Dominican politician; 17th Vice President of the Dominican Republic (1887–1889)

Brigadier General Segundo Francisco Imbert del Monte (May 12, 1837 – October 16, 1905) was a Dominican military figure and politician; he was Vice President of the Dominican Republic, Foreign minister, and was candidate for the Presidency of the Dominican Republic.

==Family==
Imbert was born to José María Imbert and María Francisca del Monte; His father, of French descent, was mayor of Moca during the Haitian occupation period from 1822 to 1844. He was born in that city and settled in Puerto Plata since the First Republic, appearing in the regiment of that place as a lieutenant.

He married Manuela Mesnier (whose father was French). He was the paternal grandfather of General Antonio Imbert Barrera.

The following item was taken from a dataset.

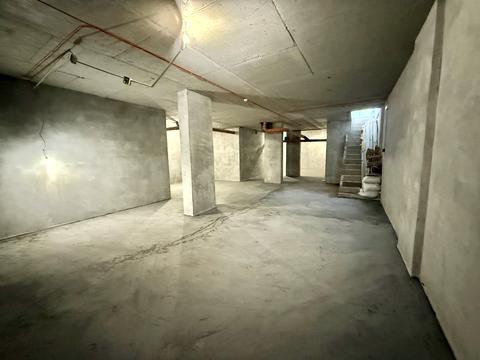 коммерческая по адресу Черновола просп. (700-летия Львова), 16б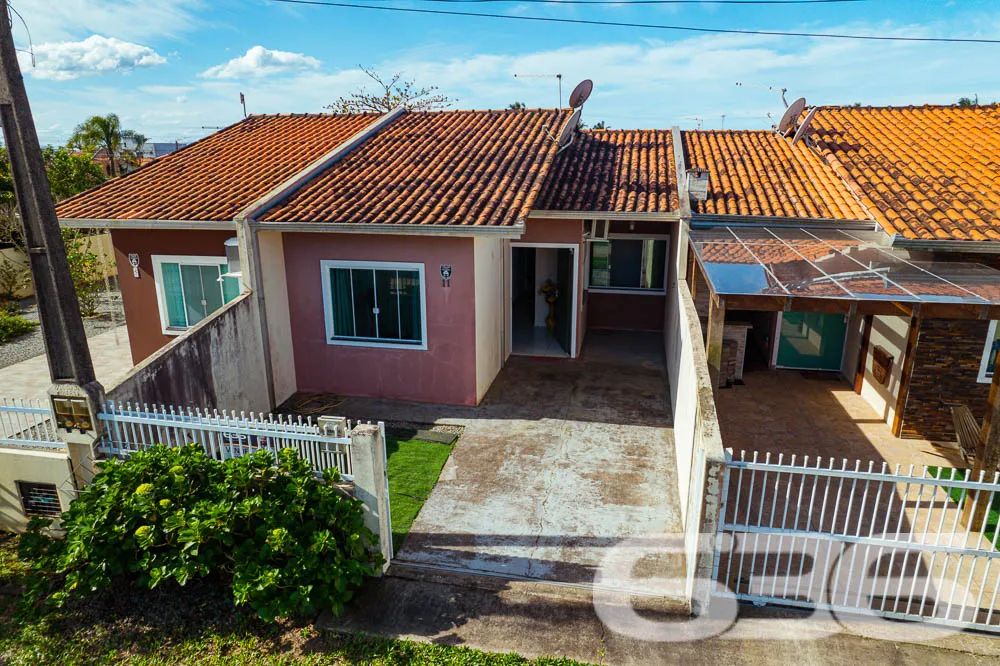 IMÓVEL TÉRREO COM 3 DORMITÓRIOS NO BAIRRO SALINAS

==Dominican Restoration War==
When the Grito del Capotillo (Cry of Capotillo) was given in 1863, he joined the ranks of the restorers opposed to the annexation to Spain, even participating in several campaigns of the Dominican Restoration War. As an assistant to General José Cabrera, he obtained the rank of colonel.

==Later years and death==
He was Minister of Justice and Public Instruction in the government of Cesáreo Guillermo (1878). In the biennium of Ulises Heureaux (1882-1884) he was interim Minister of War and Navy (1882) and of the Interior and Police (1882 and 1883), and also Minister of Foreign Affairs. Between 1887 and 1889 he served as vice president of the Republic.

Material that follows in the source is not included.